Monday, February 22, 2010

I know they mean well. . .

But it makes me feel so tiny and stupid when people's reaction to my eating disorder is completely about food. For example, a professor I dearly love reacted to my participation in NEDAW by asking if I would eat a cookie if she brought it in. I said yes. She asked if I would throw it up. I said no. I know she means well and I know it means a lot to her to see me eat normally. But such questions and concerns, only make me want to eat in a more disordered fashion. For no other reason than to prove everybody else wrong and show everybody that these are my choices.
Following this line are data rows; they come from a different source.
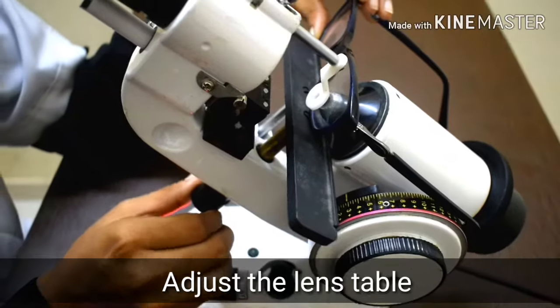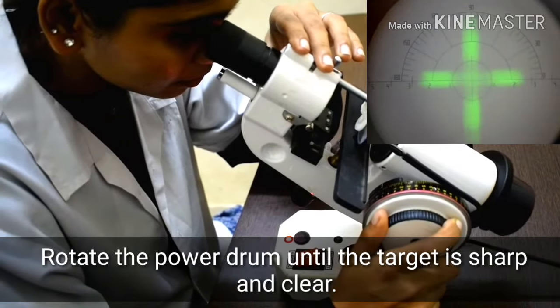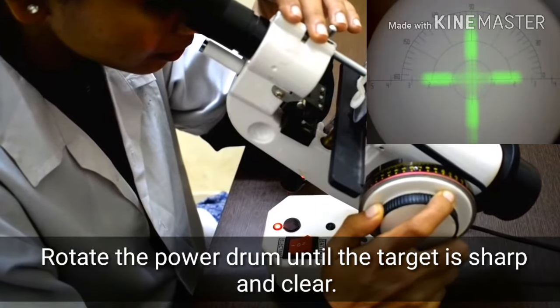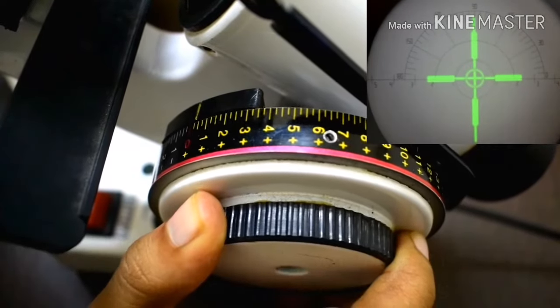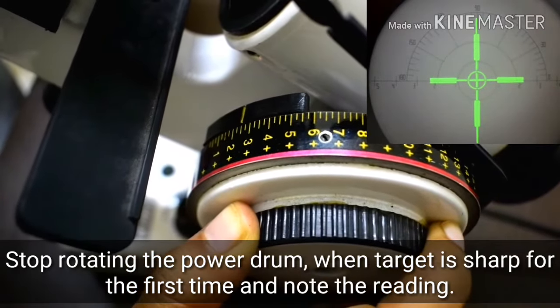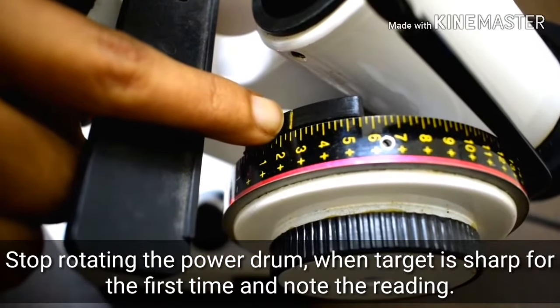Adjust the lens table. Rotate the power drum until the target is sharp and clear. Stop rotating the power drum when the target is sharp for the first time, and note the reading.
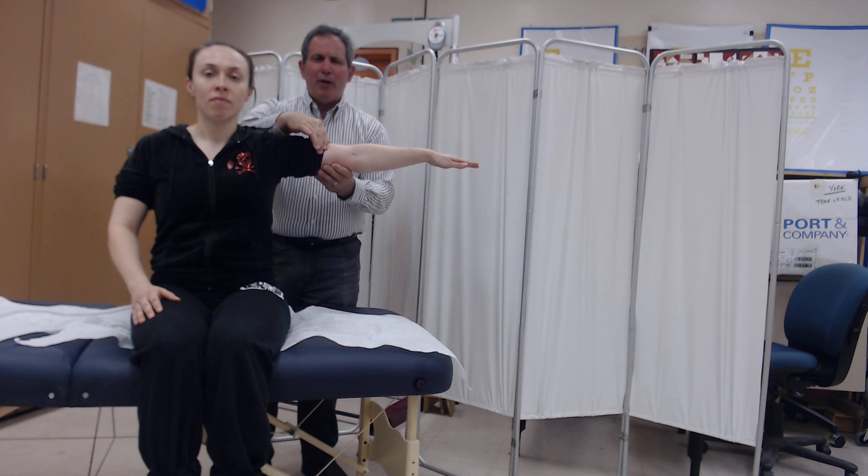If we saw no movement or felt no contraction, the grade that we would award is a zero. If we felt a contraction but saw no movement, the grade we would award is a one.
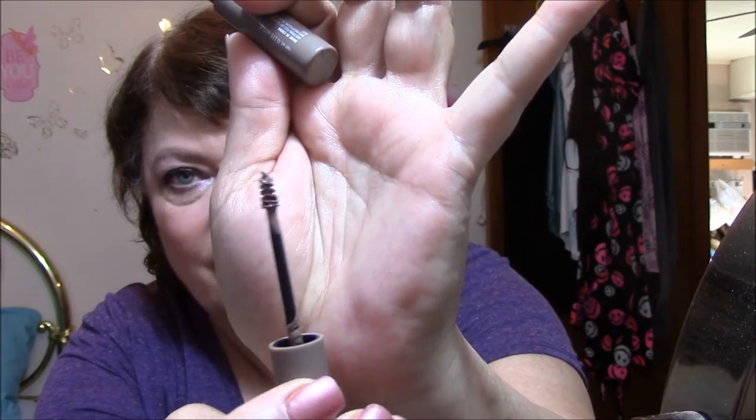Then for my brows, I used the Ulta Brow Tint and Light. It comes in a little tube with a tiny mascara-wand-type applicator. This is all I'll ever use — the mascara type stuff is my preference because of the way it goes on. It goes on very easily and is easy to blend. I've got a lot of gray and blonde in my eyebrows and have hardly ever had any real color in them, so this is nice for me. It's not a dark color and I think they look nice.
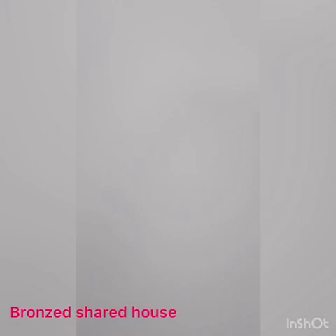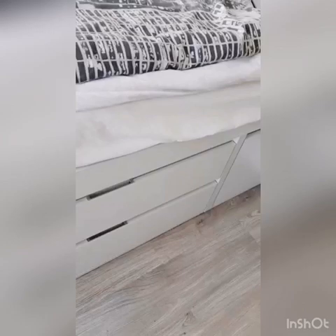This is the bronze shared house room, and this is what it looks like. You get a mirror, the bed, drawers, this little door that goes underneath, more drawers, and a wardrobe.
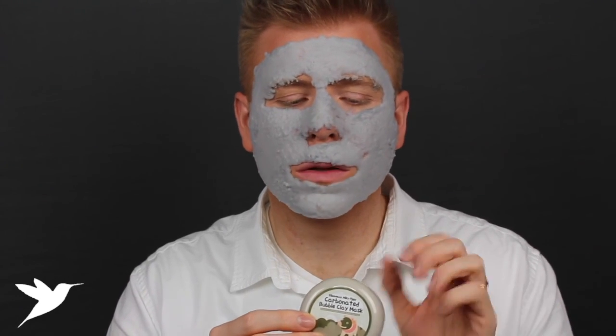The first time I applied it, I got it way too close to my eyes, mouth, and nostrils, and there came a point where I couldn't breathe and had to wash it off. I definitely learned my lesson to keep it a little further away and allow it to foam up. I used this one about five times because I really love the tingling sensation, but I didn't see a huge difference in pore minimization.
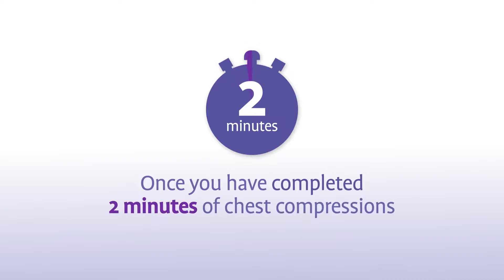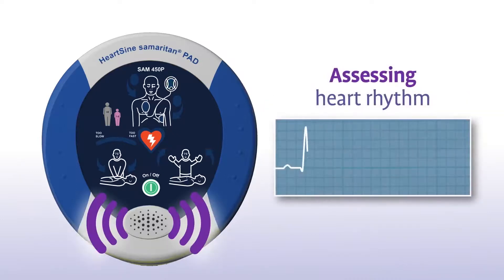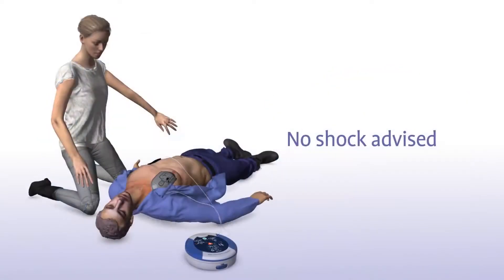Once you have completed 2 minutes of chest compressions, the SAM 450P will prompt you to stop chest compressions and again assess the patient's heart rhythm. Sometimes no shock is needed; the device will indicate "No shock advised" and advise you to continue performing CPR.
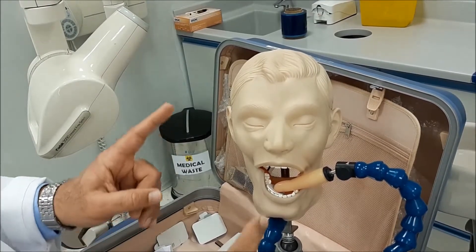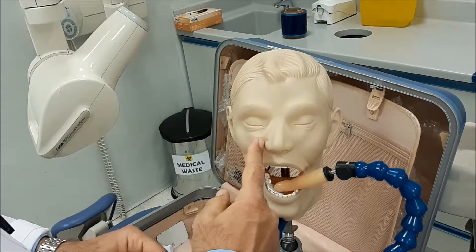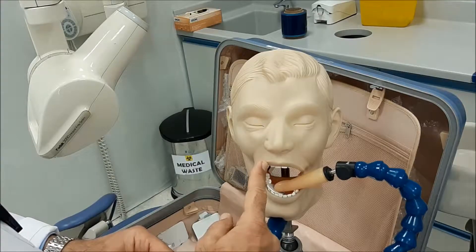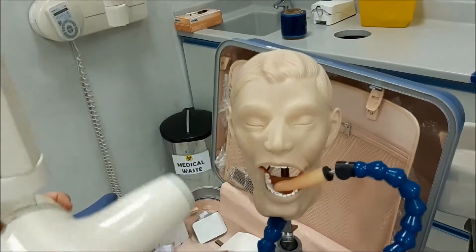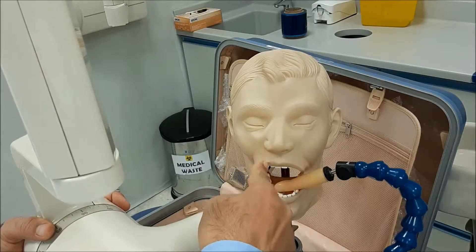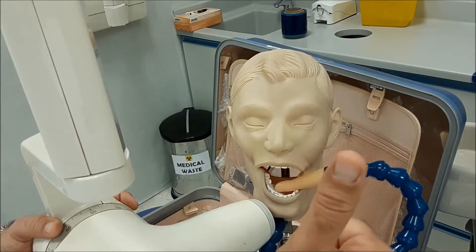After the sensor is positioned, we now start directing our beam. The point of entrance will be along a line extending from the ala of the nose, which passes through the upper canine. If you extend it downwards exactly, it will be on the lower canine. So the point of entrance will be along a line extended from the ala of the nose, whether it is a right tooth or a left tooth.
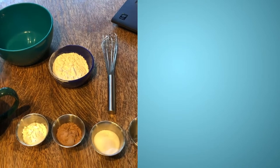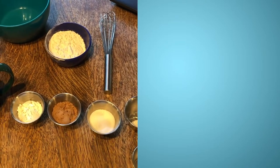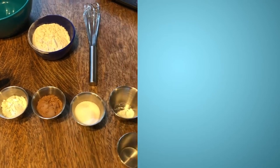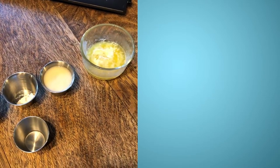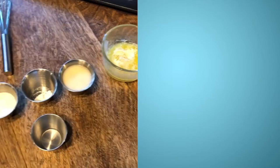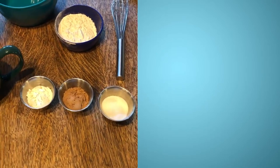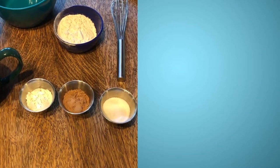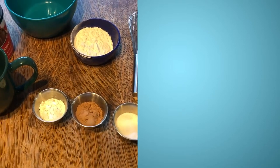I have all my ingredients laid out ahead of time, and that's actually a really smart way to cook or bake — that way you know you put everything into your recipe. We're dealing with very small amounts of ingredients here, so they fit perfectly in these little tiny cups.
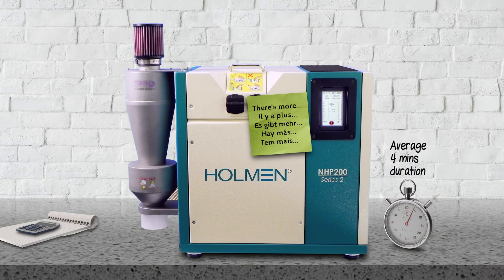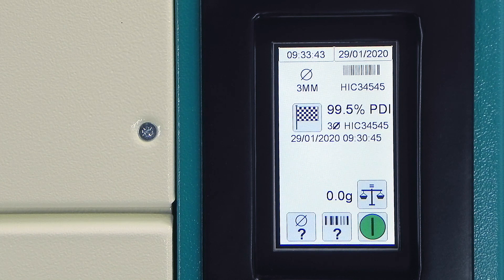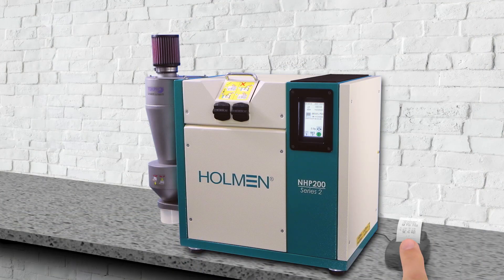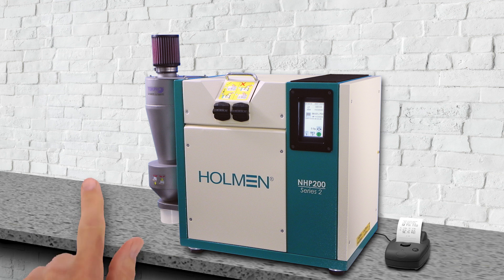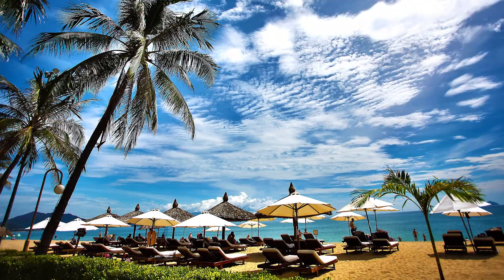But it does more. When it's finished, it stores the results and displays them on its color LCD touchscreen. They can be printed off or sent to other software for additional analysis. It can even email the results to the factory manager wherever they are, even on holiday.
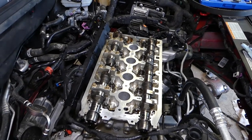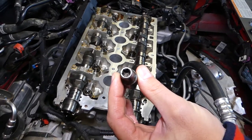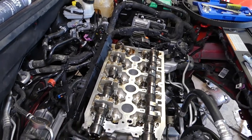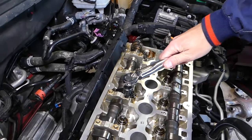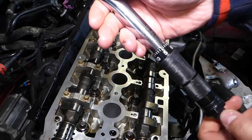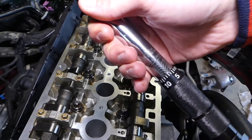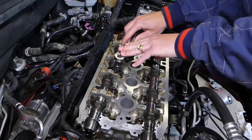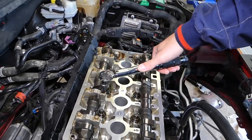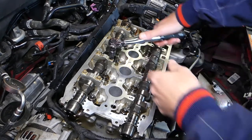Now we need a torque wrench. The socket we're using fits this reverse torque stand. We're going to start with the middle bolt on top. The wrench needs to be set at 8 Newton meters. This is a click-type wrench, so when we reach that torque you'll hear an audible click. As soon as you hear that click, stop immediately — otherwise you'll apply too much torque.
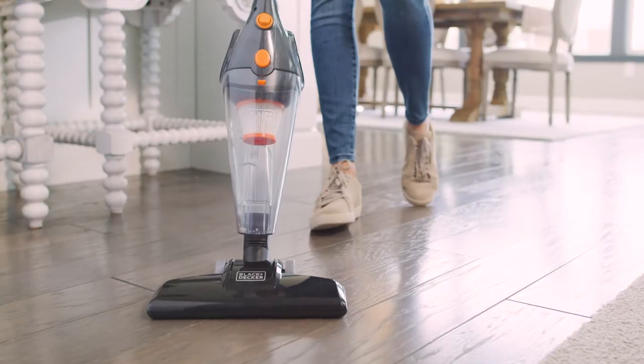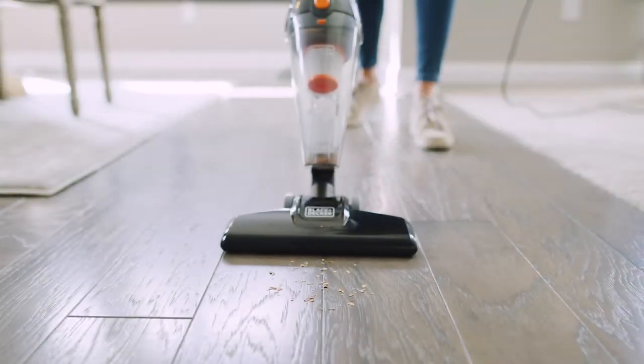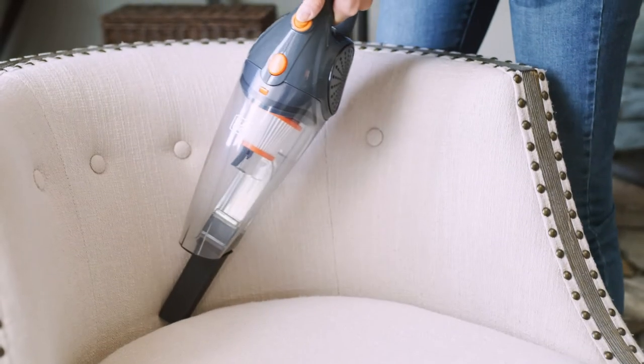Meet the Black & Decker Ultra-Lightweight Stick Vacuum. With 3-in-1 versatility, it's perfect for quickly cleaning everyday messes on multiple surfaces.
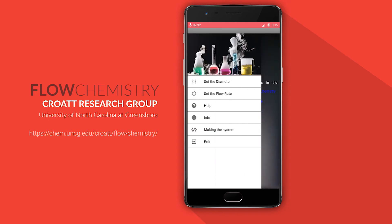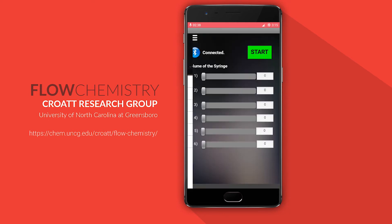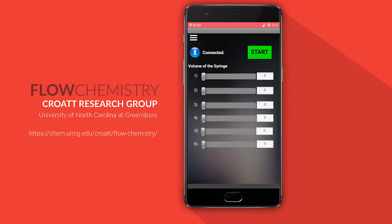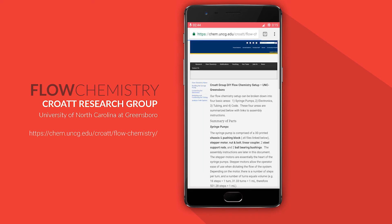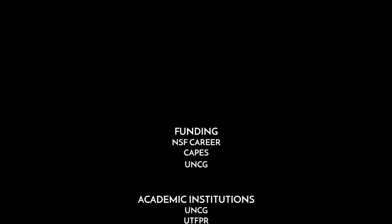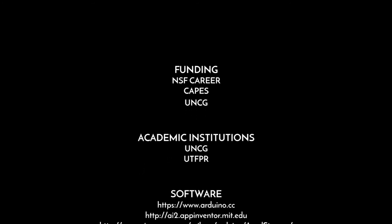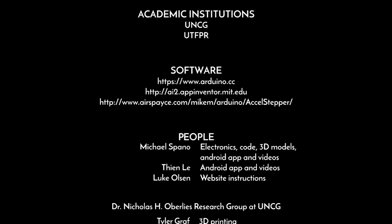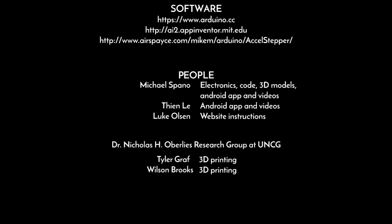For more information, visit our flow chemistry website and check out the cool research that we're doing in our lab. Thanks for sticking to the very end.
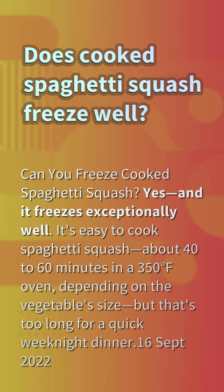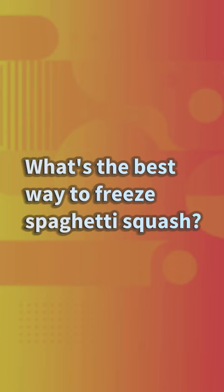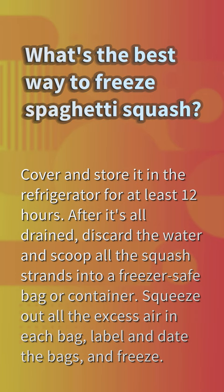What's the best way to freeze spaghetti squash? Cover and store it in the refrigerator for at least 12 hours. After it's all drained, discard the water and scoop all the squash strands into a freezer-safe bag or container. Squeeze out all the excess air in each bag, label and date the bags, and freeze.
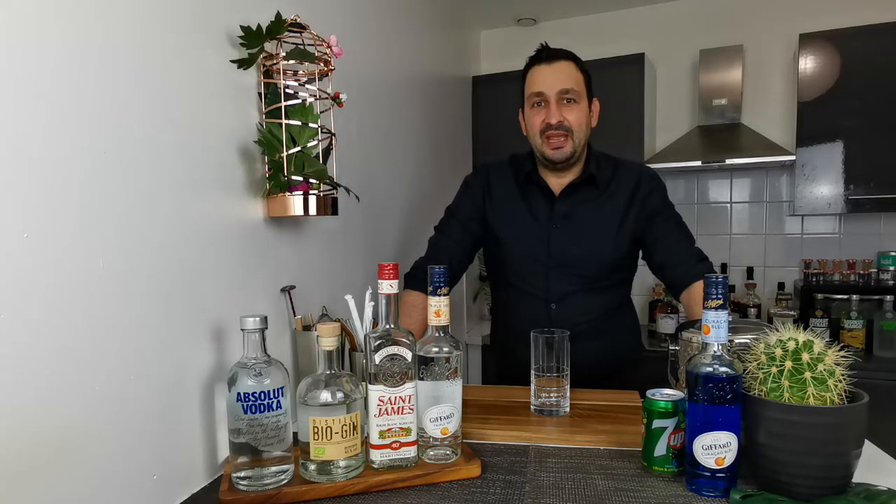Hi everyone, how are you doing today? Today I want to show you how to make Alaska iced tea.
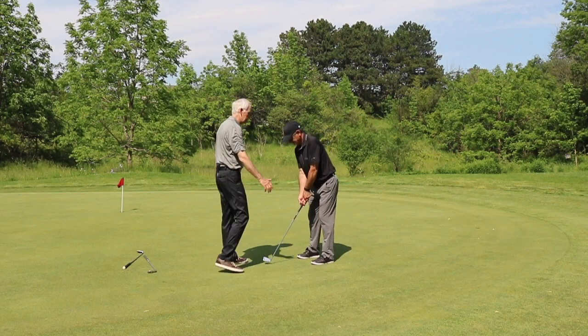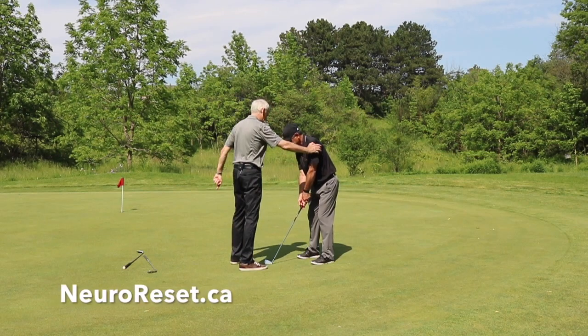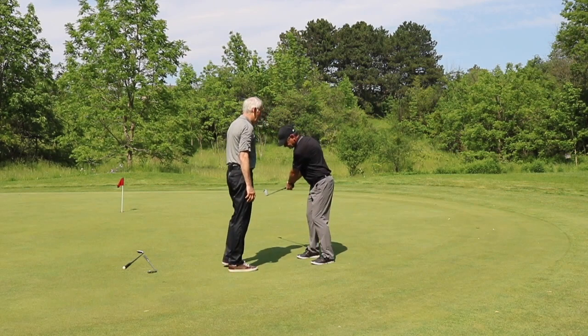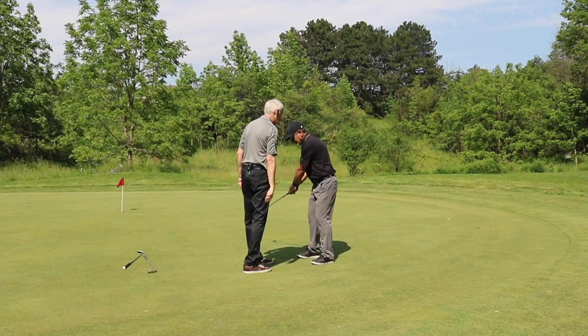I'm going to put a little bit of pressure on the outside of the shoulder, and this is a good test to do on anybody you're teaching. Now go into one-third backswing and just hold there. I'm going to push a little bit between your left shoulder and your right shoulder in that line, and we're going to see what happens when I push.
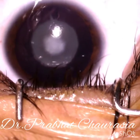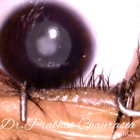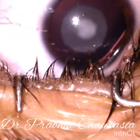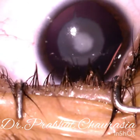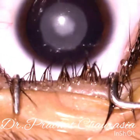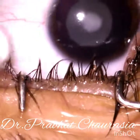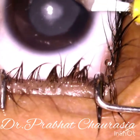Today I will show you a phacoemulsification surgery of posterior polar or subcapsular cataract. Always remember while you are attempting this surgery you have to be very cautious about the posterior capsular rupture. Keep one three-piece lens of the same diopter in sphere and never attempt hydrodissection in these cases.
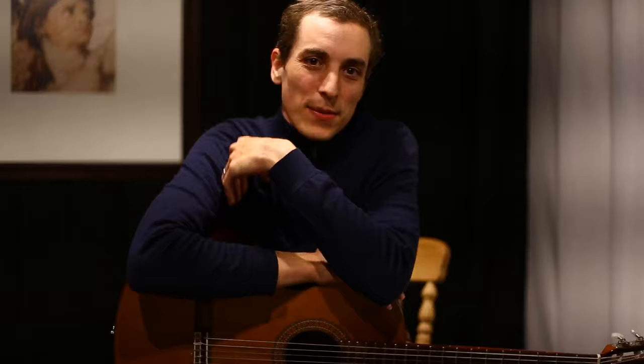Hey guys, welcome to this lesson on The Girl from Ipanema. We're going to be covering it in two different ways: one in the key of F, going over the chords and the melody, and we're also going to be taking a look at the version that you hear with Stan Getz, Astrud Gilberto, and João Gilberto.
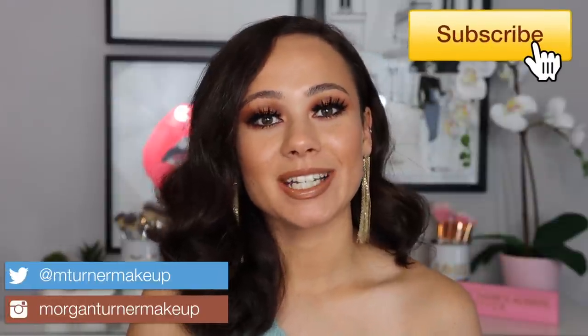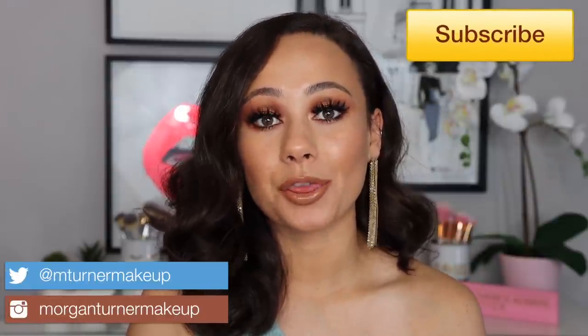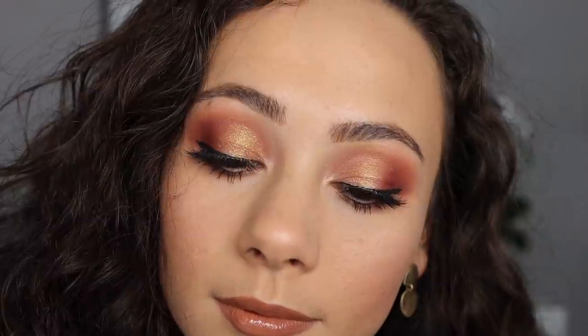Hey guys, what is up? Welcome to my channel. For today's video, I'm going to be doing a three looks one palette video using the Natasha Denona Bronze palette. I never got around to doing my Pat McGrath Divine Rose 2 three looks one palette video — let me know if you're still interested in that. Since this is a newer palette, I definitely wanted to get this one up. All three looks are pretty easy to recreate and very wearable. Just keep watching.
Recovery and food are not related as a biconditional. It is not "you are able to recover, if and only if you eat normally." Instead, it is an implication. If you eat, then you are able to recover. Eating and weight restoration are not the only things necessary for recovery. If that were the case, I was never really sick. Nobody would, and nobody has, ever picked up, on my disordered habits. My disorder is a private battle and a personal medal for me. I know that secrecy is a necessary condition for an ED to thrive and grow, so I work hard to avoid being secretive about it. It is a biologically based mental illness (see any research by Walter Kaye) and it is not my fault. Nobody blames diabetics. Nobody asks diabetics if their blood sugar is going to spike or if they can eat a cookie. For everybody else in the world, people don't judge you for eating or not eating one cookie.

So much of my ED, so much of every ED, happens internally. It is the voices in my head telling me how horrible I am. How evil I am. How much I don't deserve to eat, or that by eating one thing off my plan, I have to eat everything in sight just so I can purge because never eating again is the only response to eating in anything close to a normal way. I don't want people to know about my ED and I don't expect the majority of the population to understand the nature of ED's, but I wish they would realize that they DON'T know. And if you don't know, don't draw conclusions about me or any of my fellow sufferers, because until you read the research, until you talk to us, listen to our struggle, YOU DON'T GET IT. And that doesn't make me think any less of you. To admit you don't know is a much more impressive act than to pretend you do and judge people.

And to end this: screw the world. I am so angry at everything and everybody and I feel like I might explode. So, in about 10 hours, I will be all but unwilling to get out of bed because the anger will lead to extreme self-deprecation and obsessions. And I am never eating again.